Тебя, Пасифая, я никогда не любил, считал своим врагом. Но ты умерла, и воспоминания о тебе становятся все мучительнее и мучительнее. Я страдал, расставаясь с любимыми, но со временем другие заменяли их. А тебя, моя верная соперница-царица, заменить некем.
И хотел бы забыть тебя, да во дворце моем живет твой последний сын, который напоминает мне о тебе.
Пасифая. (Первый год восемнадцатого девятилетия правления Миноса, сына Зевса. На границе знаков Стрельца и Козерога)
Он появился на свет в самую долгую ночь в году. То, что этот плод особенный, стало ясно еще в ту пору, когда моя жена не считала нужным сменить обычное одеяние на более просторное. Она вынашивала его иначе, чем остальных своих многочисленных детей. Ей не удавалось скрыть нездоровье, хотя за эти ужасные девять месяцев я ни разу не слышал от нее жалоб, даже когда до родов оставалось совсем немного, и чрево ее раздулось до таких размеров, что царица едва могла вставать.
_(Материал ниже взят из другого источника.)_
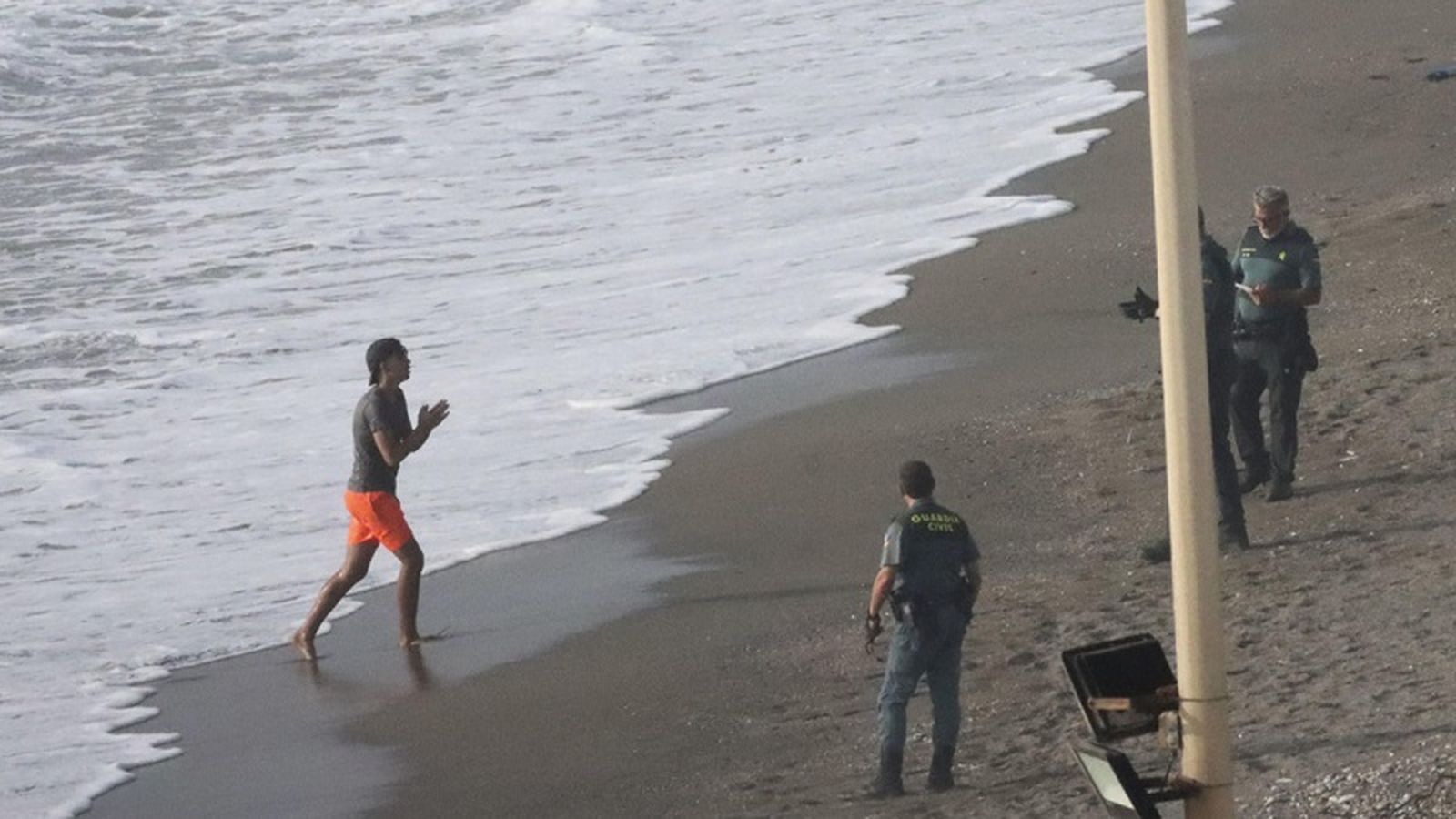 Un migrante que acababa de entrar a Ceuta dirigiéndose a varios Guardias Civiles. / FOTO REDUAN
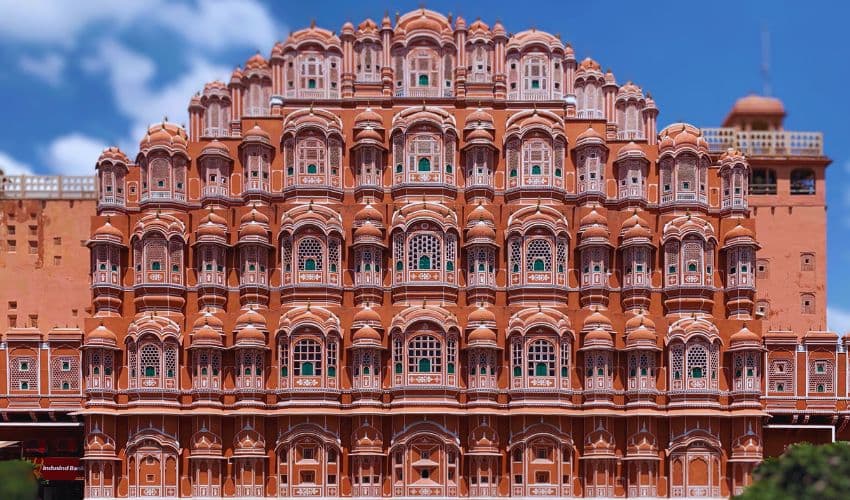 Tourists visiting Hawa Mahal in Jaipur, a must-visit historical site in India.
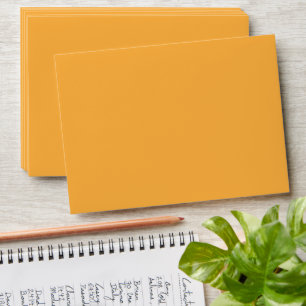 a yellow background with a black border envelope
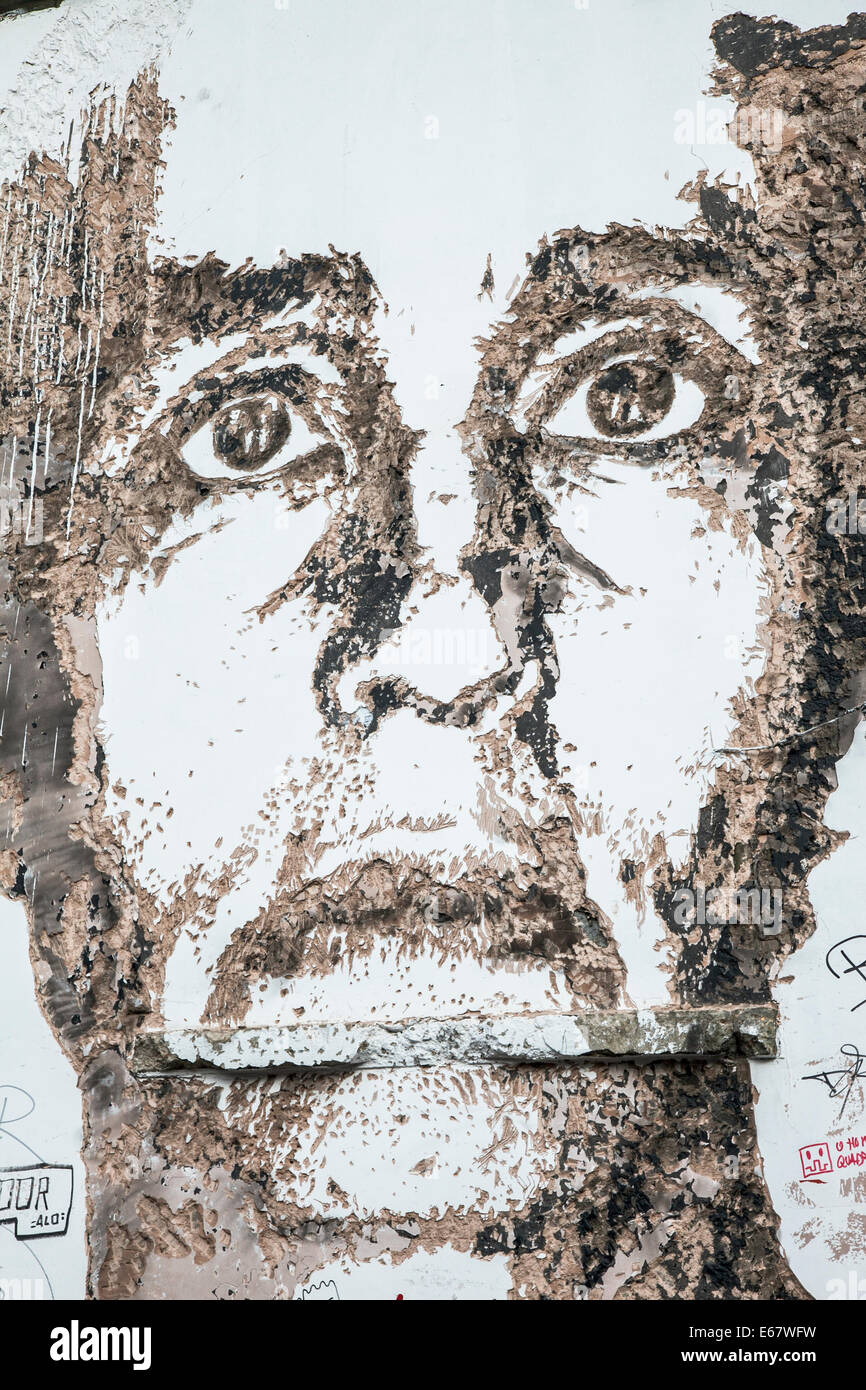 Ein Porträt von Alexandre Farto aka Vhils ausgestochen aus Beton in einer Gasse-Wand in der Nähe von Brick Lane gegründet Stockfoto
Плод в утробе постоянно бился и ворочался, но упорно ждал положенного срока, высасывая силы из матери. Дворцовые врачеватели опасались за ее жизнь. Я умолял, доколе это было возможно, вытравить чудовище, но царица упорствовала.
В ту ночь, когда пришел срок появиться ему на свет, Пасифая велела не пускать меня к ней. Наверное, боялась, что я убью плод ее чрева. Ведь она ждала рождения нового царя Крита.
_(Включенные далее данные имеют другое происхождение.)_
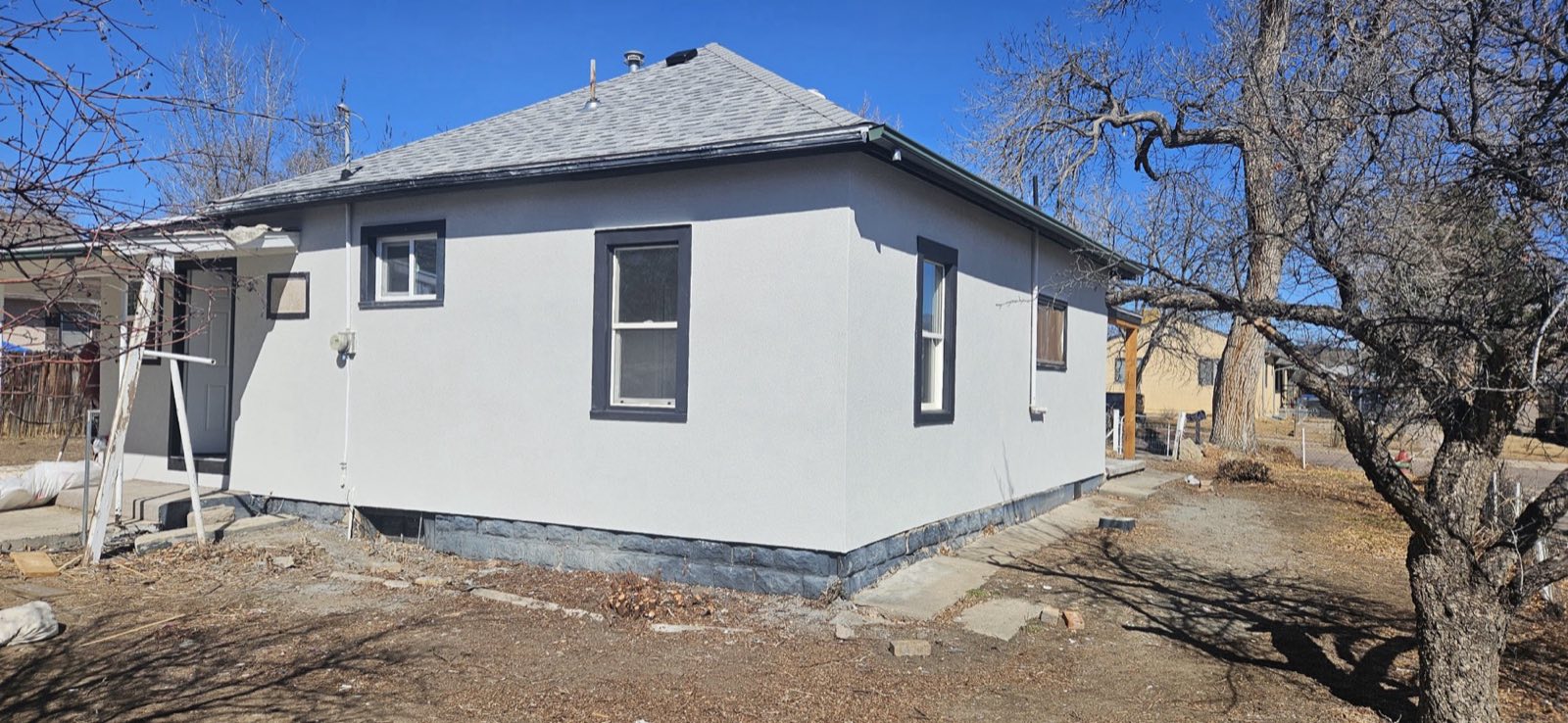 A finished house in pale gray stucco, clean to the foundation line, bare trees behind it.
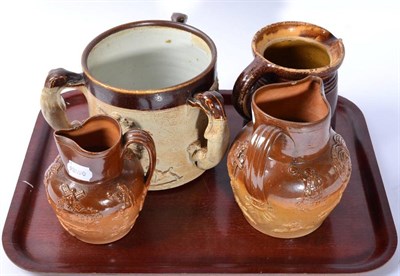 Lot 55 - A 19th century salt glazed stoneware tyg; and three similar jugs (4)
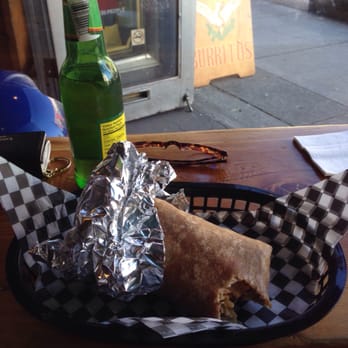 Budgies Burritos - 10 inch poser and ginger beer. Not bad. Try the green salsa. Just a little. It's super spicy! - Vegetarian Near Me - Vancouver, British Columbia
Я увидел его утром, когда царица была уже мертва.
Хотя испачканные простыни и покрывала уже вынесли, в покоях стояла вонь испражнений и крови. И лужу на полу вытерли слишком поспешно — на гладких каменных плитах виднелись бурые разводы.
Я подошел к жене. Старухи успели омыть ее и закрыть чистым покровом. Пасифая лежала — величественно-спокойная, исполненная царственного достоинства. Истинная владычица острова. Только искусанные в кровь губы и страшная бледность свидетельствовали о мучениях, которые перенесла она перед смертью.
— Пусть явятся ко мне гончары, золотых дел мастера, художники и старухи, готовящие тело к погребению, — едва слышно произнес я. — Пусть сам Дедал позаботится, чтобы все необходимое для похорон было сделано достойнейшим образом. Ибо умерла великая царица.
Дворцовый врачеватель Каданор, измученный тяжелой ночью, едва удерживающий слезы, подошел ко мне, хотел что-то сказать, но я сжал его запястье, ободряя:
— Так хотели боги. Царица знала, что ее ждет. Я — тоже. Не твоя вина, что нить ее судьбы обрезана.
И повернулся в сторону, откуда доносился истошный рев младенца. Он терзал мне уши, как тупое сверло терзает плоть камня. Голос у него был громкий, низкий, словно у молодого бычка. Сын Посейдона был огромен. Моего Главка называли великаном, но и в год он был меньше и худее, чем эта гора орущего мяса. Не человеческому, но коровьему лону было под силу разродиться без опасности для жизни таким гигантом.
Нянька растерянно топталась поодаль, боясь приблизиться к младенцу, и тот не был ни омыт, ни спеленат. Он сучил перемазанными засохшей кровью ножками и сжатыми в кулачки ручонками.
— Отчего мой сын лежит в небрежении? — строго спросил я няньку. Она повернула ко мне испуганное, бледное до серости лицо и пролепетала, сбиваясь и всхлипывая.